## [Problem to work on]
Please restate exactly what appears in the records below from the first line to the line where "redraw image trace" is, that line included.

[Scraped caption text data]
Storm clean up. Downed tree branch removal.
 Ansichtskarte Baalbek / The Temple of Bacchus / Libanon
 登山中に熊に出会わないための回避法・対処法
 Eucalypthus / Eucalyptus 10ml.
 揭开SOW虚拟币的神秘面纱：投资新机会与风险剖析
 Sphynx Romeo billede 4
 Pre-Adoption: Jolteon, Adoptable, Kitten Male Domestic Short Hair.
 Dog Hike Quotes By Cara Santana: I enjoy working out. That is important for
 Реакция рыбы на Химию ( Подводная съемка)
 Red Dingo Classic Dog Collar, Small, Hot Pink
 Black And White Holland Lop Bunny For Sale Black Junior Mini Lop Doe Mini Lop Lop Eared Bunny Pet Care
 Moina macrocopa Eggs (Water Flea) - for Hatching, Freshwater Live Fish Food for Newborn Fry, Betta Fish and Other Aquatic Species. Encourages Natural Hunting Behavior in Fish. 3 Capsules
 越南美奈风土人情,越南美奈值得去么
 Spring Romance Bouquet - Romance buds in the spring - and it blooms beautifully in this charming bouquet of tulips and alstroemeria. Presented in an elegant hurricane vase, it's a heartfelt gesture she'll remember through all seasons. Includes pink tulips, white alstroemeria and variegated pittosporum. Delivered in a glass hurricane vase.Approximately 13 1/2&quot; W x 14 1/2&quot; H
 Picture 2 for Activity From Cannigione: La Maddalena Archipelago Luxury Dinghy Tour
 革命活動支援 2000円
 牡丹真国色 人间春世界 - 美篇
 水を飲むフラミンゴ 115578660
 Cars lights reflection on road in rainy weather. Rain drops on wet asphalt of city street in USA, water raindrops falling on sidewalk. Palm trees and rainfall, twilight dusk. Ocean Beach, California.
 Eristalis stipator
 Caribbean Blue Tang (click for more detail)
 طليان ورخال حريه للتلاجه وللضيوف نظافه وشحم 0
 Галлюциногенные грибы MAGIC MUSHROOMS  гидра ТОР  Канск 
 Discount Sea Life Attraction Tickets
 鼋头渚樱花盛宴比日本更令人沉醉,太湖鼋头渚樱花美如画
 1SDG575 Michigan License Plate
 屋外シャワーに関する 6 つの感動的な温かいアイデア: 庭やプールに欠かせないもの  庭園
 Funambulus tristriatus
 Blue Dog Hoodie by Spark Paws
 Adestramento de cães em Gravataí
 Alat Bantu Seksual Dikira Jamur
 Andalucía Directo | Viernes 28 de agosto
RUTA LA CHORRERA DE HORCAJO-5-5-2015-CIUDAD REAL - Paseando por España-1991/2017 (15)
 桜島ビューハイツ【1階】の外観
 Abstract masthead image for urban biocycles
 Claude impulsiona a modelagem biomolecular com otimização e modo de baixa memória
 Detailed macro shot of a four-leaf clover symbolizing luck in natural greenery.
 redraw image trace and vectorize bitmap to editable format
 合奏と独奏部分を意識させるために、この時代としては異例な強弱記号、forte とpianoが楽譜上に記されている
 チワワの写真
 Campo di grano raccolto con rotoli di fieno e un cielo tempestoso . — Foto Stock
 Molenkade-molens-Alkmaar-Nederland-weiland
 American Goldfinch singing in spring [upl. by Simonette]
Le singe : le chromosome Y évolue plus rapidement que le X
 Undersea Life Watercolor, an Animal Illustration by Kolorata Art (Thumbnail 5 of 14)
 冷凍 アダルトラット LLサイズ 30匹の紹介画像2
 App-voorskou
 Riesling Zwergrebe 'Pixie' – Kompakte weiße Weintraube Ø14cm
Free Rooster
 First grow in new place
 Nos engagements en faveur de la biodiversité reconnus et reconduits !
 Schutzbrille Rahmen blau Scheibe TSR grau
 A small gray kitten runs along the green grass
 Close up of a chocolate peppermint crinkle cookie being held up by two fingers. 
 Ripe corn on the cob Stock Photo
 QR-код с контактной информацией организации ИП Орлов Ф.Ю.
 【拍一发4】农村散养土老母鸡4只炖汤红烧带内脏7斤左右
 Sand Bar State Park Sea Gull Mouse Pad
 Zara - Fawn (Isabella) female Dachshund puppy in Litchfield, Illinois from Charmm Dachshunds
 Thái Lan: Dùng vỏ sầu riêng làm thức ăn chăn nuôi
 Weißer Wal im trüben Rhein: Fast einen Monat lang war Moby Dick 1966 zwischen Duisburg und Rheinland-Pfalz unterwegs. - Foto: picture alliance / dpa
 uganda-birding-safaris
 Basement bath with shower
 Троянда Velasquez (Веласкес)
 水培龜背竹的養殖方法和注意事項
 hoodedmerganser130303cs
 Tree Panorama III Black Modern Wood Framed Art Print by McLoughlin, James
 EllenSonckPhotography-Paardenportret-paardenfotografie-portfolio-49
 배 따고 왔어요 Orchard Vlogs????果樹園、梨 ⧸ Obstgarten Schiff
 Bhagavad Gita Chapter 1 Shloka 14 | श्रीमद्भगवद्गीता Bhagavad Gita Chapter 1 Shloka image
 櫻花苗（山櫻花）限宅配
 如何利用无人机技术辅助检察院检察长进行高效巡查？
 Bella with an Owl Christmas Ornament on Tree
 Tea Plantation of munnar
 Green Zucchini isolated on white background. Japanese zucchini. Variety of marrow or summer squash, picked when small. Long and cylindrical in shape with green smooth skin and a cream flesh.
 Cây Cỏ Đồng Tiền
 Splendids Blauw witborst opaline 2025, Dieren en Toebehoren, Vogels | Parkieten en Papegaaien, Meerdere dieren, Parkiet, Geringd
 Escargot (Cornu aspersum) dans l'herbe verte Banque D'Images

## [Response area]
Storm clean up. Downed tree branch removal.
 Ansichtskarte Baalbek / The Temple of Bacchus / Libanon
 登山中に熊に出会わないための回避法・対処法
 Eucalypthus / Eucalyptus 10ml.
 揭开SOW虚拟币的神秘面纱：投资新机会与风险剖析
 Sphynx Romeo billede 4
 Pre-Adoption: Jolteon, Adoptable, Kitten Male Domestic Short Hair.
 Dog Hike Quotes By Cara Santana: I enjoy working out. That is important for
 Реакция рыбы на Химию ( Подводная съемка)
 Red Dingo Classic Dog Collar, Small, Hot Pink
 Black And White Holland Lop Bunny For Sale Black Junior Mini Lop Doe Mini Lop Lop Eared Bunny Pet Care
 Moina macrocopa Eggs (Water Flea) - for Hatching, Freshwater Live Fish Food for Newborn Fry, Betta Fish and Other Aquatic Species. Encourages Natural Hunting Behavior in Fish. 3 Capsules
 越南美奈风土人情,越南美奈值得去么
 Spring Romance Bouquet - Romance buds in the spring - and it blooms beautifully in this charming bouquet of tulips and alstroemeria. Presented in an elegant hurricane vase, it's a heartfelt gesture she'll remember through all seasons. Includes pink tulips, white alstroemeria and variegated pittosporum. Delivered in a glass hurricane vase.Approximately 13 1/2&quot; W x 14 1/2&quot; H
 Picture 2 for Activity From Cannigione: La Maddalena Archipelago Luxury Dinghy Tour
 革命活動支援 2000円
 牡丹真国色 人间春世界 - 美篇
 水を飲むフラミンゴ 115578660
 Cars lights reflection on road in rainy weather. Rain drops on wet asphalt of city street in USA, water raindrops falling on sidewalk. Palm trees and rainfall, twilight dusk. Ocean Beach, California.
 Eristalis stipator
 Caribbean Blue Tang (click for more detail)
 طليان ورخال حريه للتلاجه وللضيوف نظافه وشحم 0
 Галлюциногенные грибы MAGIC MUSHROOMS  гидра ТОР  Канск 
 Discount Sea Life Attraction Tickets
 鼋头渚樱花盛宴比日本更令人沉醉,太湖鼋头渚樱花美如画
 1SDG575 Michigan License Plate
 屋外シャワーに関する 6 つの感動的な温かいアイデア: 庭やプールに欠かせないもの  庭園
 Funambulus tristriatus
 Blue Dog Hoodie by Spark Paws
 Adestramento de cães em Gravataí
 Alat Bantu Seksual Dikira Jamur
 Andalucía Directo | Viernes 28 de agosto
RUTA LA CHORRERA DE HORCAJO-5-5-2015-CIUDAD REAL - Paseando por España-1991/2017 (15)
 桜島ビューハイツ【1階】の外観
 Abstract masthead image for urban biocycles
 Claude impulsiona a modelagem biomolecular com otimização e modo de baixa memória
 Detailed macro shot of a four-leaf clover symbolizing luck in natural greenery.
 redraw image trace and vectorize bitmap to editable format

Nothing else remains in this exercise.